### What is expected
Make an exact copy of all the data, pictures excluded.

### Source material
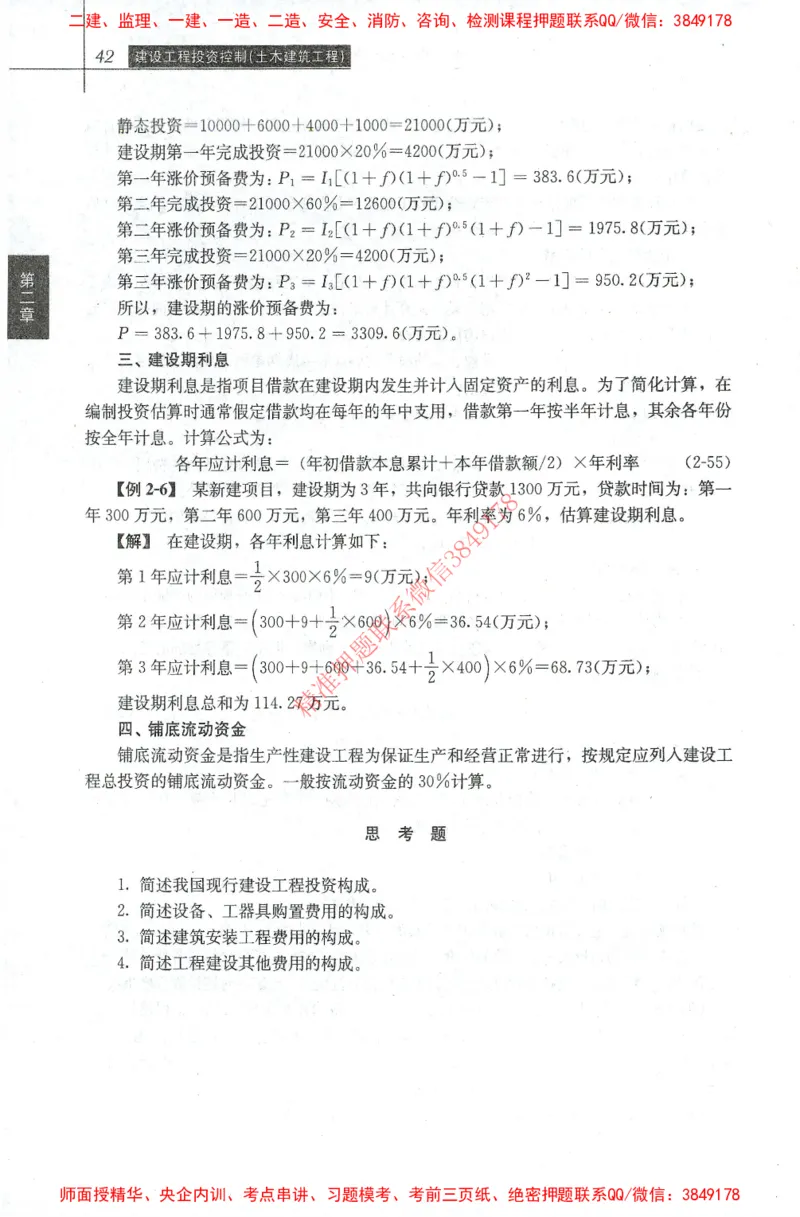 25年-土建投资控制-官方教材_监理工程师_2025监理工程师_2025年监理工程师SVIP_2025年监理土建控制SVIP_01-精华文档✿电子教材✿历年真题_01-电子教材PDF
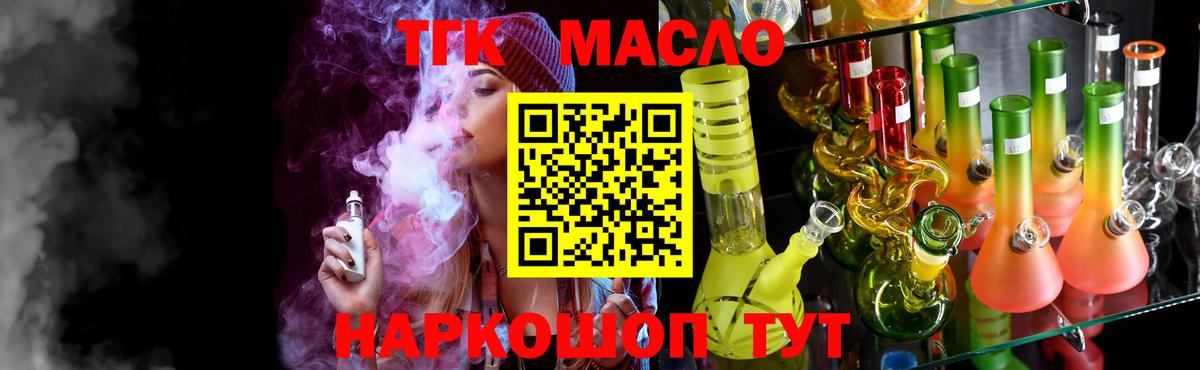 Дистиллят ТГК вейп с тгк  Вход с VPN  Дистиллят ТГК Wax  Усть-Джегута 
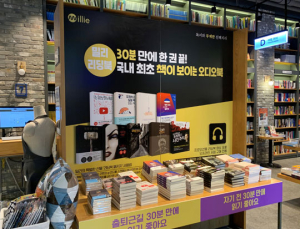 밀리의 서재 ‘오디오북’ 서점에서 종이책으로 만난다
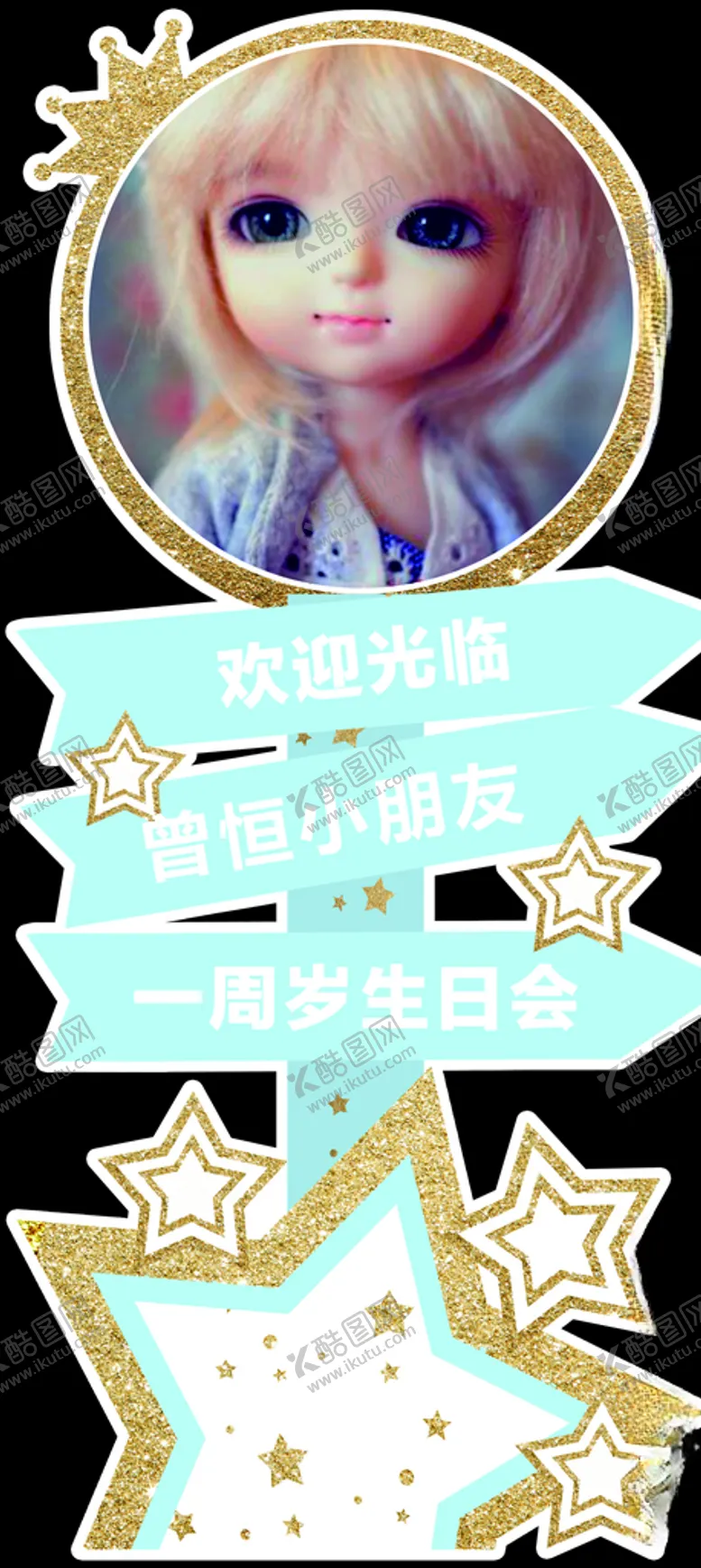 编号：73472804221737359082【酷图网】源文件下载-生日宴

### Problem solution
 25年-土建投资控制-官方教材_监理工程师_2025监理工程师_2025年监理工程师SVIP_2025年监理土建控制SVIP_01-精华文档✿电子教材✿历年真题_01-电子教材PDF
 Дистиллят ТГК вейп с тгк  Вход с VPN  Дистиллят ТГК Wax  Усть-Джегута 
 밀리의 서재 ‘오디오북’ 서점에서 종이책으로 만난다
 编号：73472804221737359082【酷图网】源文件下载-生日宴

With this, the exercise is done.